Since we were still moving forward, we were seeking JV partners for this deal. One of our team members worked diligently to find the right partners for this situation. Integrity and honesty are key in this business, and we were open and transparent about the risks involved when pitching the opportunity to potential partners.
In the end, when we opened it up for funding, there were nearly half a million dollars in the bank within 3 hours. Although I was no longer very confident in the deal, other people were. (Remember, Tampa is a super hot market, and this deal had some serious potential). Also, we had already covered all of the risk capital, so these new partners really had nothing to lose if we weren’t able to close.
……..
And then, the appraisals came in…
When we received the appraisal reports at 6 pm on a Thursday, and the closing was set for that Friday, we had less than 24 hours to decide what to do. The original terms of the loan had us putting down only 15% and giving us a 300k construction budget. Yet, after the appraisal came in, we were asked to put down 35% and were going to be given NO construction budget.
Could we have made that happen? Possibly… But the deal no longer made sense for us financially. It made more sense to cut our losses here. Aside from the huge downpayment and zero construction budget, we were setting ourselves up for more failure. The property would be losing money from day 1 and we would be banking on a quick refi into agency or community bank debt without a rehab budget! No thank you.
We tried for an extension one last time and were denied.
The wholesaler then pleaded with us to share our inspection report with the “new buyer” claiming he would then “do his best to get our deposit back” and said that “the seller didn’t want to keep our deposit”. All a lie and we knew it. He was under no obligation to return our EMD… but we decided to share the inspection report regardless.
Sometimes it’s best to wipe your hands clean of the mess and walk away.
In the end, we lost our EMD, we lost the deal, and in total, after paying legal fees, inspections, appraisals, etc.; we lost just under $60k.
This stung like mad to say the least… It was a brutal hit that made me question my journey. Made me question whether or not I should continue searching in Tampa, or working on real estate at all. I took a couple of weeks off.
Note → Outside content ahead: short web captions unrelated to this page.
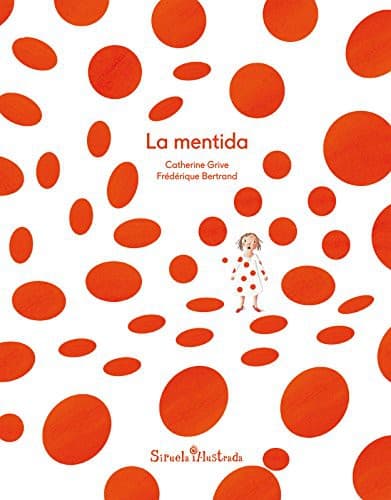 Tapa de La mentida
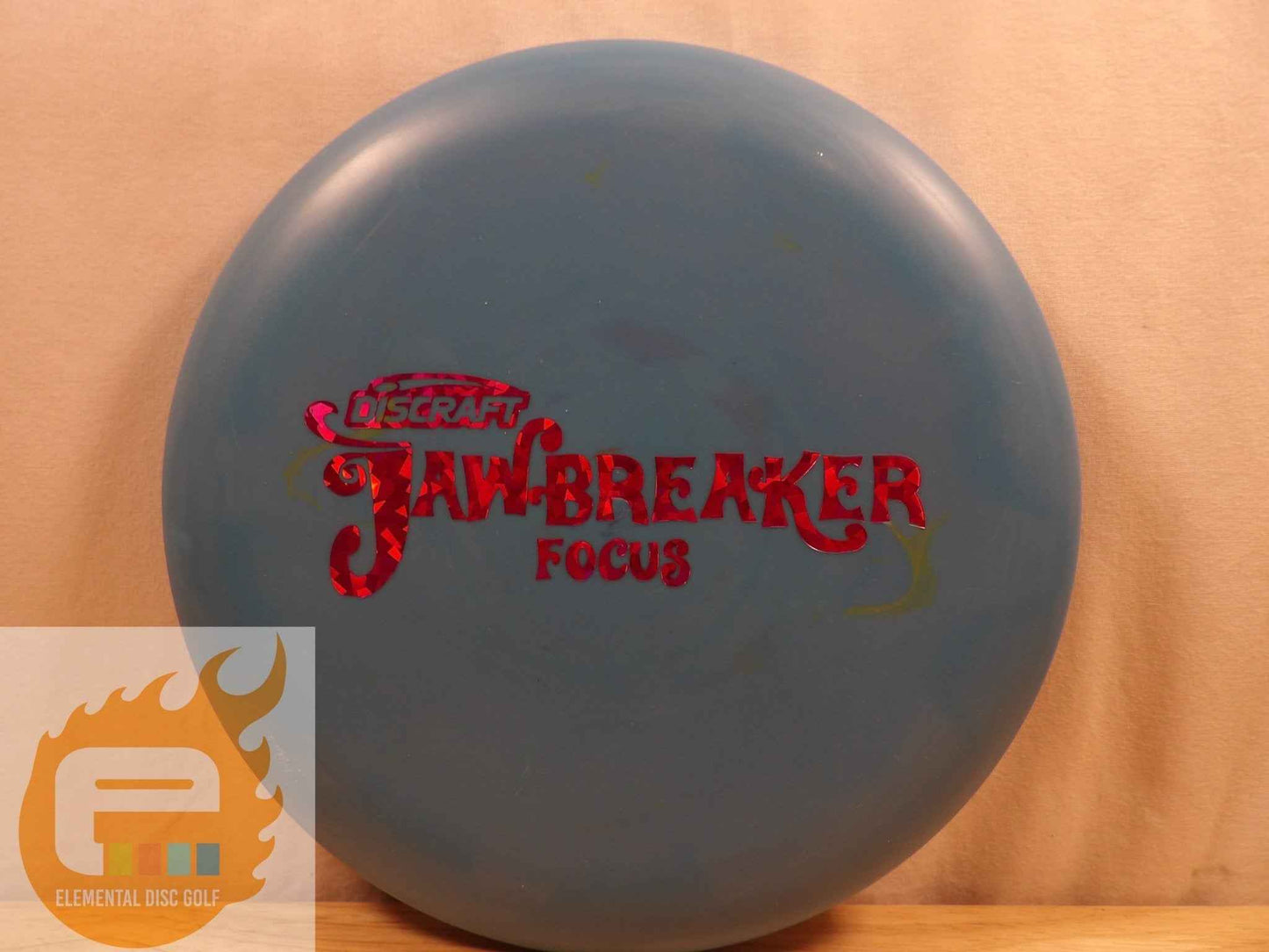 Discraft Jawbreaker Focus (2/2/-1/2) - Elemental Disc Golf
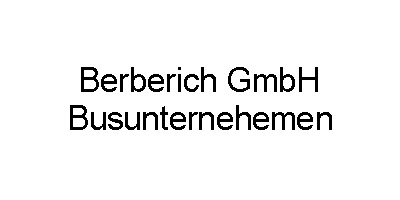Berberich GmbH Busunternehmen 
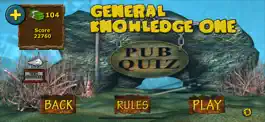 Game screenshot Fishy Pub Quiz apk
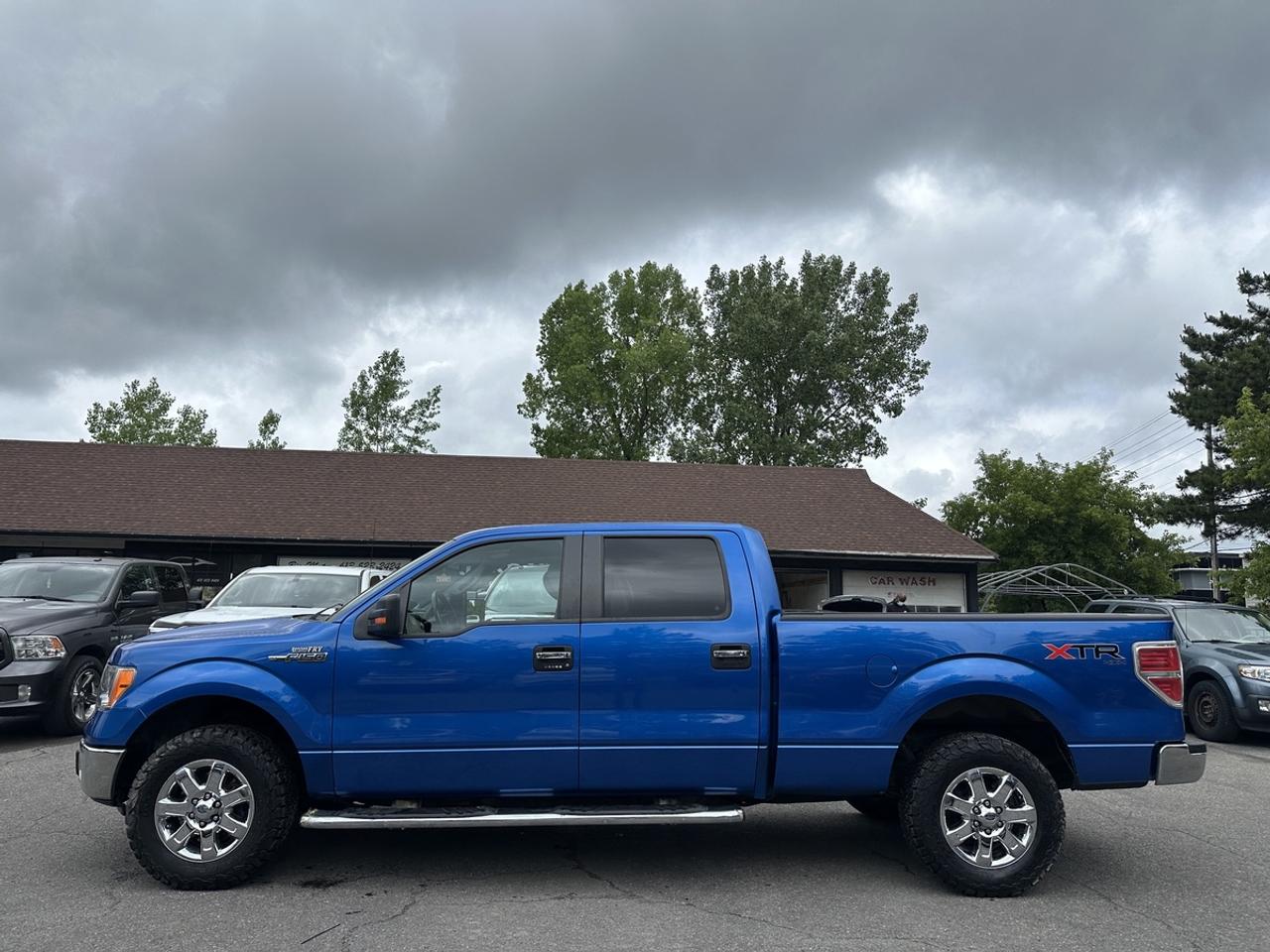 2013 Ford F-150 XTR Photo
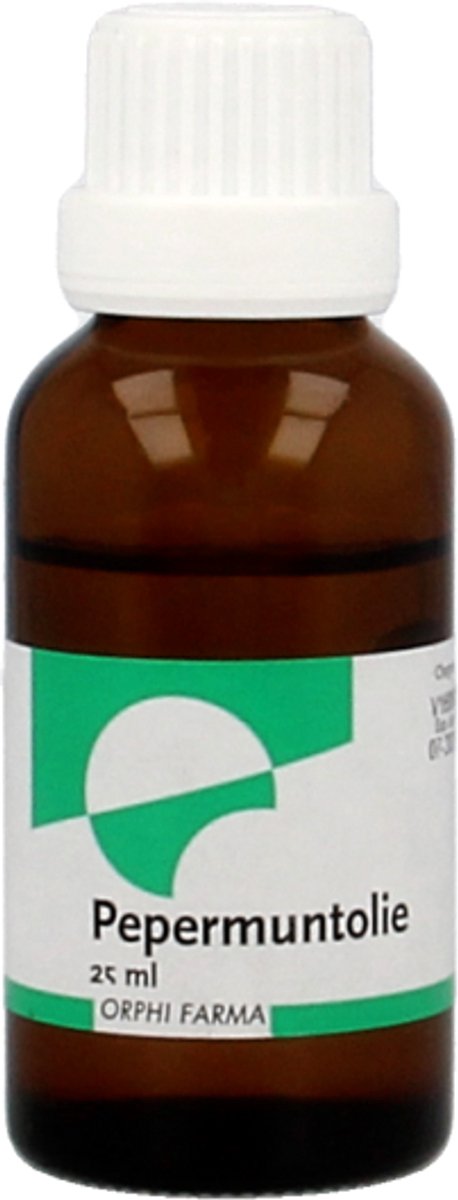 Chempropack Pepermunt - 25 ml - Etherische Olie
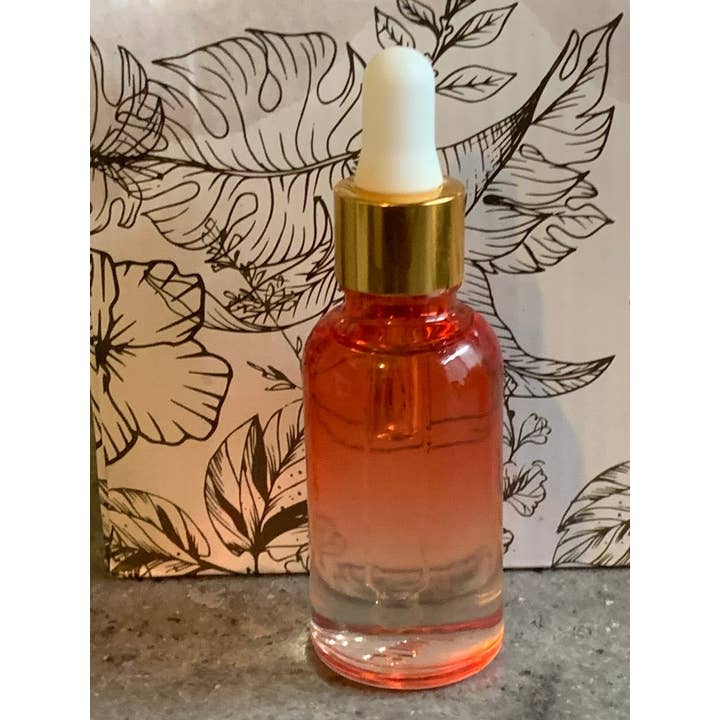 Strawberry Oil for wholesale by Rubbed In Diamonds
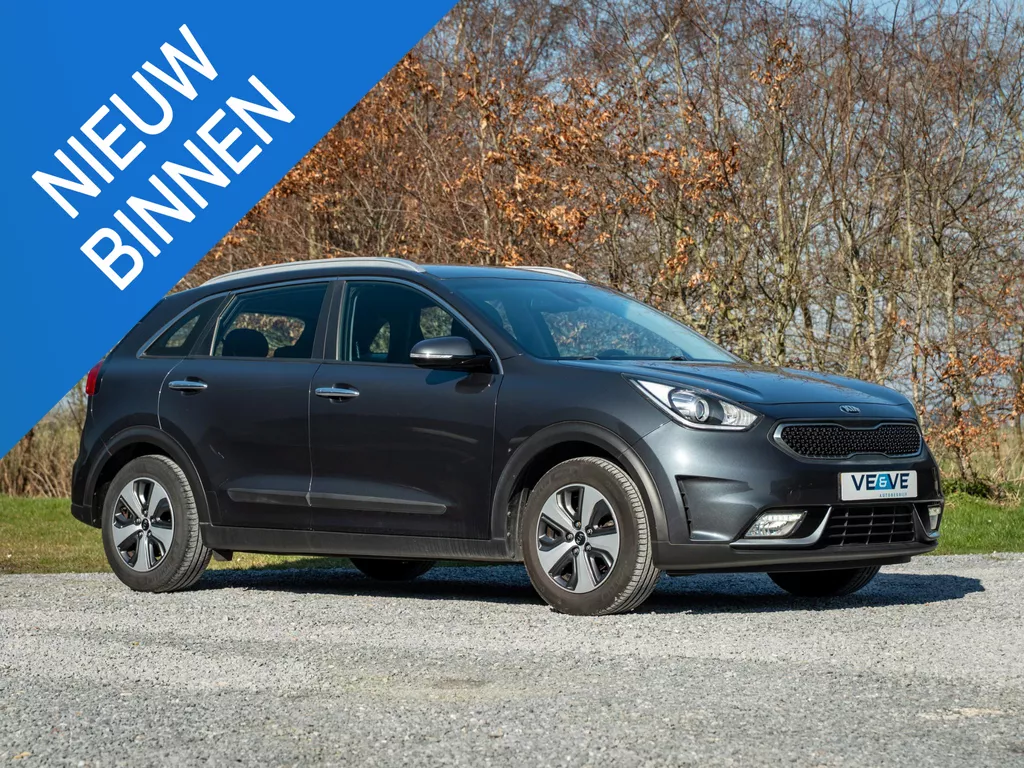 Kia Niro 1.6 GDi Hybrid DynamicLine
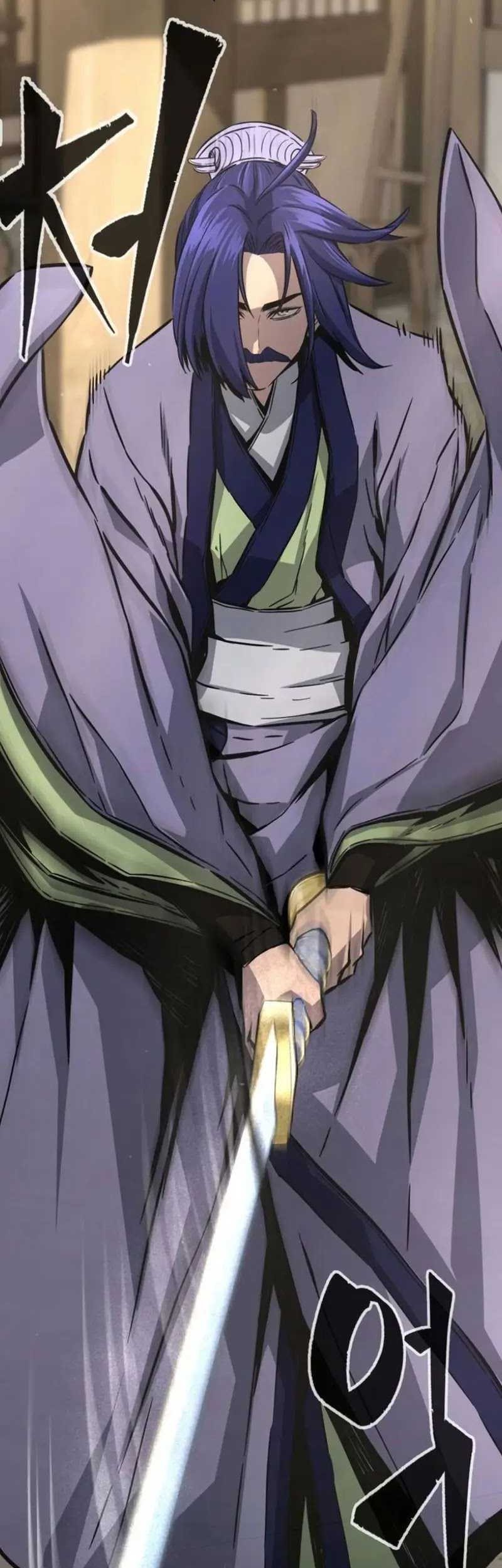 Absolute Sword Sense Chapter 62 Gambar 28
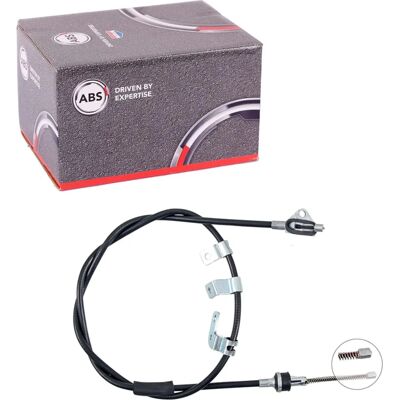A.B.S. K14090 Bageste venstre håndbremsekabel - Håndbremsekabel til Daihatsu Cuore A.B.S. K14090 Bageste venstre håndbremsekabel - Håndbremsekabel til Daihatsu Cuore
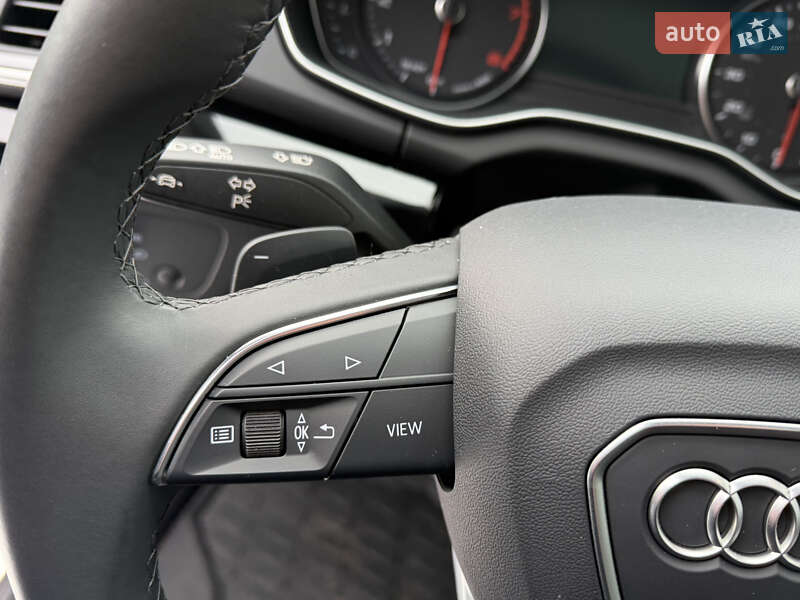 Внедорожник / Кроссовер Audi Q5 2023 в Стрые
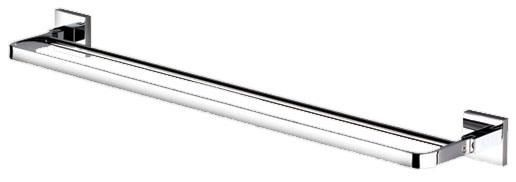 Bathroom Accessories Modern Single Towe Bar Double Towel Bar Bathroom Sets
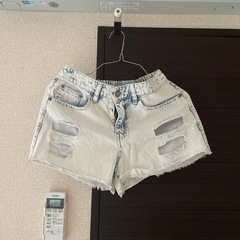 ダメージショーパン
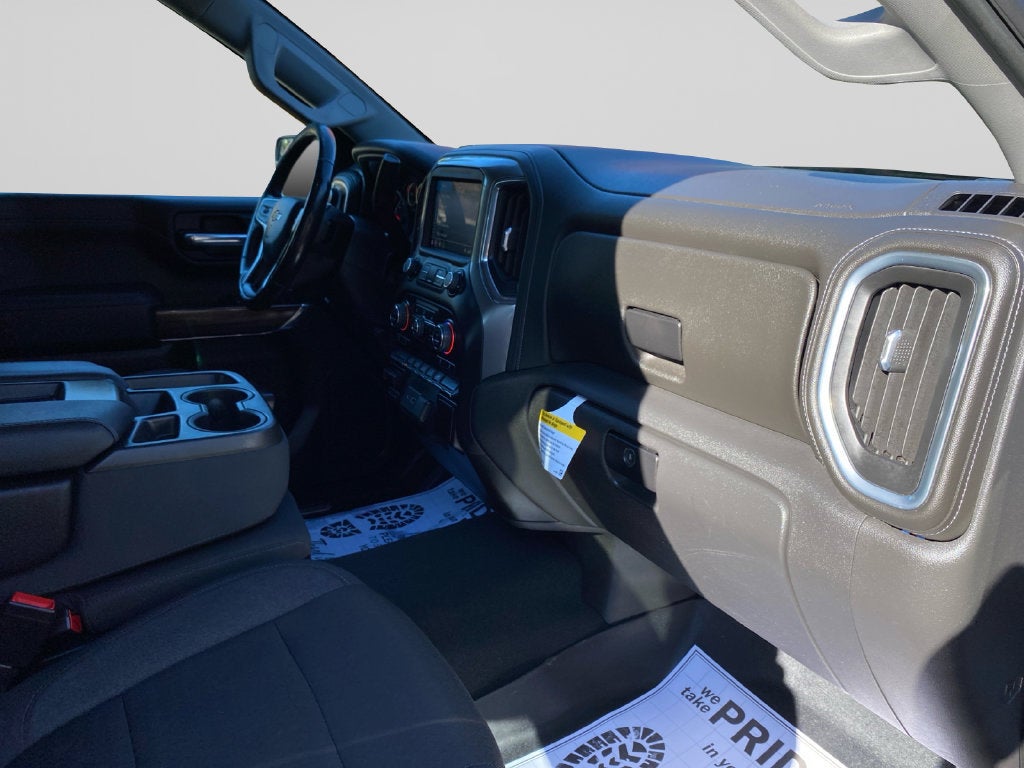 2022 Chevrolet Silverado 1500 LTD LT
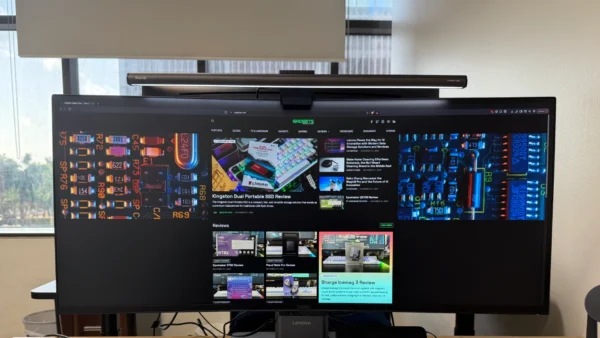 Quntis ScreenLinear Radar Pro+ Review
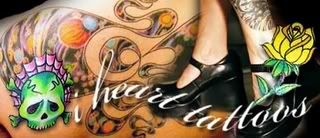 tattoos Pictures, Images and Photos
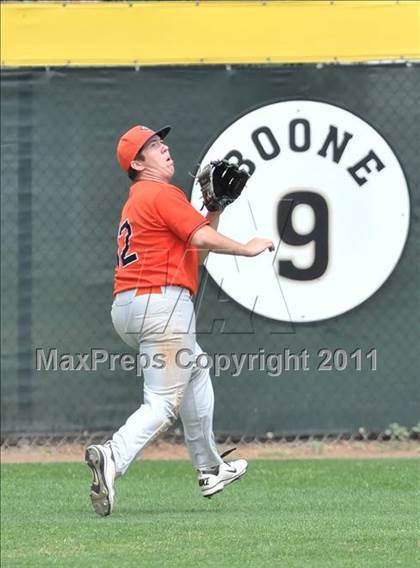 Thumbnail 2 in IMG Academies vs. Chaminade (Hard 9 National Classic) photogallery.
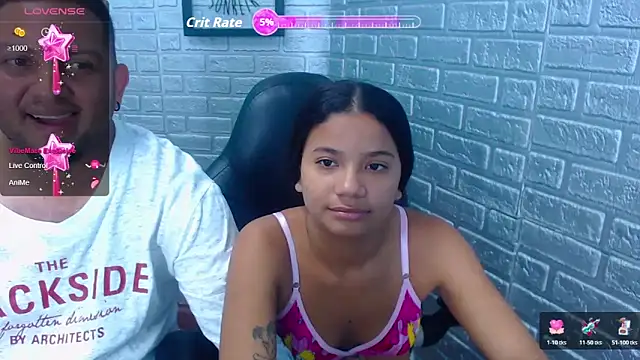 Snapshot of Eddie_And_Lana chatting on 02/23/26, 07:55 Eddie And Lana online show from 02/23/26, 07:55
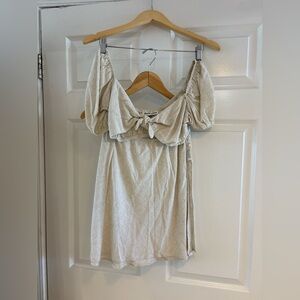 Dippin’ Daisy’s Cream Gray Women’s Two-Piece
It’s a good thing I am a reflective dude. And after a couple of weeks of reflecting and thinking back to my childhood, I concluded I’d move onward and upward… Thinking back on my childhood and the thousands of stings I’ve felt… all of them unbearable at the time, and all of them now distant memories. I will persevere. I will succeed.
Let this experience be the same. Nothing more than a sting on the journey towards higher aspirations.